Yahoo Inc. has cleaned up filters used to protect users of its Web-based e-mail service from malicious scripts embedded in HTML-format messages, and in so doing has put an end to one of the strangest of Internet neologisms.

According to a number of reports, Yahoo removed words and word fragments such as "eval" and "expression" from HTML (Hypertext Markup Language) mail sent to users of its Yahoo Mail service, and replaced them with "review" and "statement," apparently to prevent the execution of malicious scripts embedded in HTML mail. Such scripts can be used to steal personal information from the recipient's computer when an HTML message is displayed in a Web browser.

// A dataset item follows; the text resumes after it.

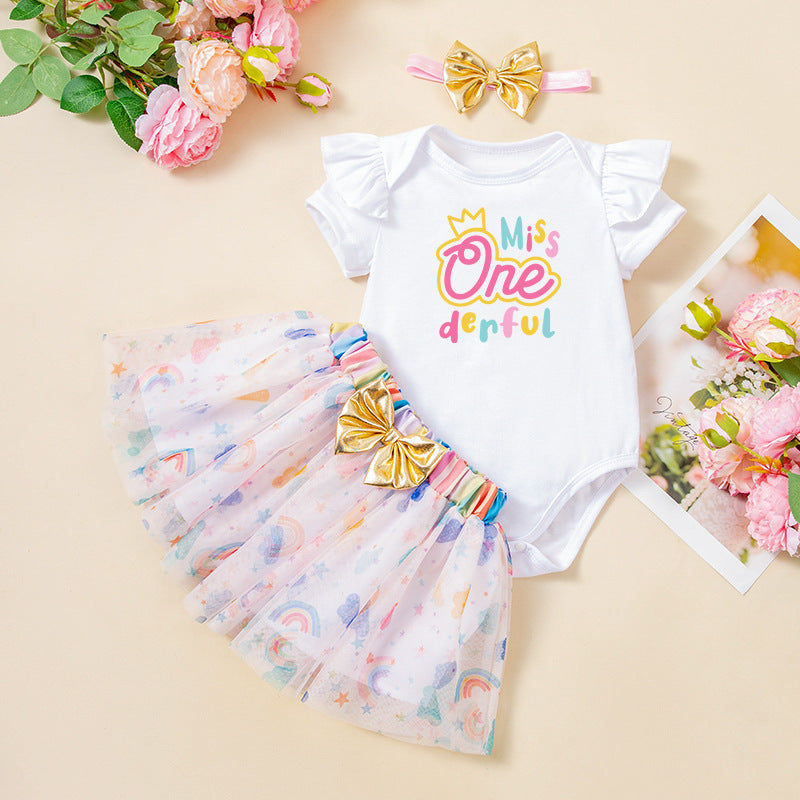 Cute Baby Festival Party Outfit Set with Ruffle Short Sleeve Romper, Rainbow Skirt, and Hair Accessories (3-Piece)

However, a programming slip led to "eval" being replaced with "review" wherever it occurred in messages sent to Yahoo users -- even in the middle of other, perfectly innocent, words. The results of the sloppy programming on documents which have passed through Yahoo's mail servers can be seen all over the Web, from reviews of academic treatises on Poland's history in medieval times to essays on the French chevaleresque tradition.

One of the earliest observations of the phenomenon was on Nov. 8, 2000, when Jerome S. Arkenberg asked the MEDIEV-L medieval history mailing list at the University of Kansas, "Lately I'm seeing the word 'medieval' being written as 'medireview'. Where the heck is that coming from?" Fellow subscribers blamed Yahoo's mail filters.

Another report, on the BugNet Web site and dated September 2000, fingered Yahoo's filters for replacing "expression" with "statement" in users' mail.

Last Friday, online newsletter Need to Know, the self-styled "sarcastic update for the U.K.," lampooned the effect Yahoo's filters were having on the English language, suggesting that nonnative speakers of English are unknowingly using the mangled forms as synonyms for the original words.

Yahoo, it seems, couldn't take the joke. By Thursday, the filters had been modified. Instances of "expression" are now replaced with "_expression", not "statement", and "eval" on its own with "_eval", rather than "review". The words retrieval, medieval and cheval are left unchanged. History will never be the same again.